Das Slow Beans-Netzwerk engagiert sich durch eigenen Anbau von Hülsenfrüchten und organisiert daneben Initiativen, Werbeveranstaltungen und Kampagnen wie zuletzt Let It Bean! in Zusammenarbeit mit Bürgermeisterinnen und Bürgermeistern der Region und Organisationen wie Meatless Monday.
Hierzulande führt Slow Food Saarland bereits zum 8. Mal zusammen mit bekannten Gastronomen die Saarländischen Hülsenfrüchtewochen (26. Februar bis 12. März) durch, während der teils in Vergessenheit geratene Lebensmittel und Essgewohnheiten wiederbelebt und ihr Bekanntheitsgrad erhöht werden soll. Auch in diesem Jahr sind wieder zahlreiche Kantinen beteiligt, die einen großen Anteil am Erfolg der Hülsenfrüchtewochen haben. Gemeinsames Ziel ist es, Erbsen, Bohnen, Linsen & Co in ihrer großen Vielfalt zu zeigen und den Gästen ein Geschmackserlebnis zu bereiten,
In Italien können Besucher der jährlichen Wanderveranstaltung Slow Beans 2023 erneut Erzeugerinnen und Erzeuger kennenlernen, die vielerorts in Italien und darüber hinaus Anbau von Hülsenfrüchten betreiben.
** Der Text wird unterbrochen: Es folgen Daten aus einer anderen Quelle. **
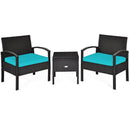 3 Piece PE Rattan Wicker Sofa Set with Washable and Removable Cushion for Patio-Turquoise by DirectDeals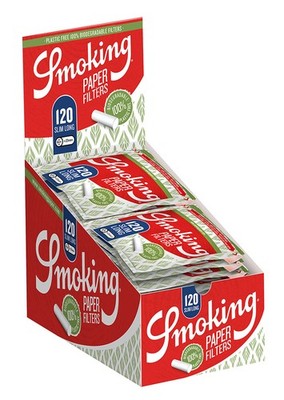 1 Box (30 Beutel) Smoking Slim Long Papier Filter, 6 x 22 mm, 120 pro Beutel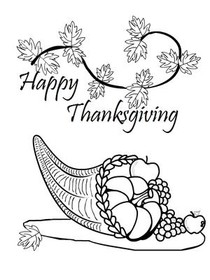 Happy 
Thanksgiving - Coloring Card
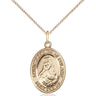 14kt gold filled St. Jadwiga of Poland patron saint medal necklace, 3/4 x 1/2 inch pendant, 18 inch chain, Bliss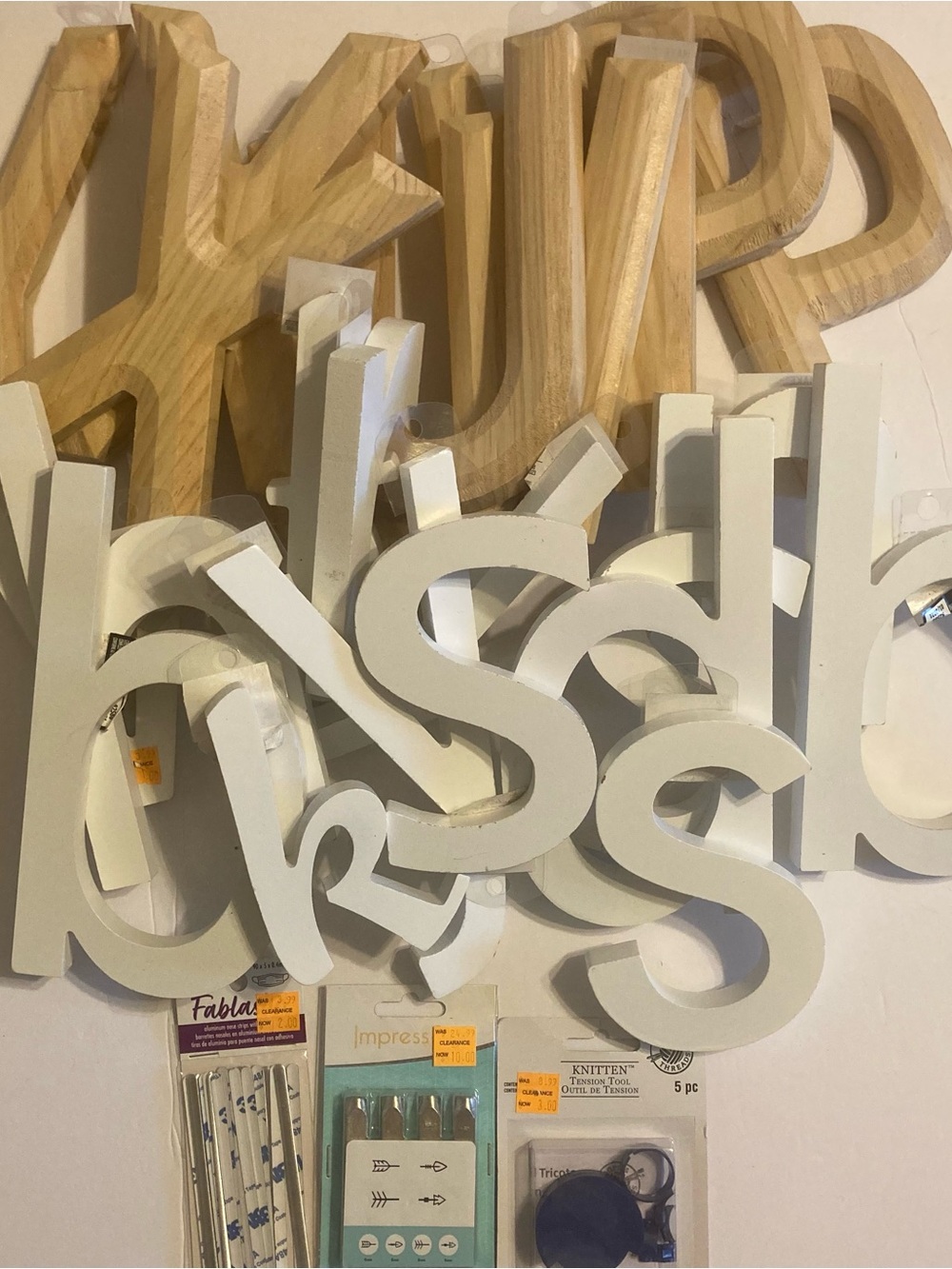 Wooden & White Decorative Letters - various crafting items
Daneben setzt Slow Food Italien die bereits im vergangenen Jahr gemeinsam mit seinem Jugendnetzwerk SFYN Italien gestartete Initiative „Aggiungi un legume a tavola“ (Bringt Hülsenfrüchte auf den Tisch) fort, bei der die italienische Fraktion der Cooks‘ Alliance aufgerufen ist, mindestens ein Gericht auf die Speisekarte zu setzen, bei dem Hülsenfrüchte die Hauptrolle spielen: 2022 hatten sich mehr als 140 Köche aus ganz Italien an der Initiative beteiligt.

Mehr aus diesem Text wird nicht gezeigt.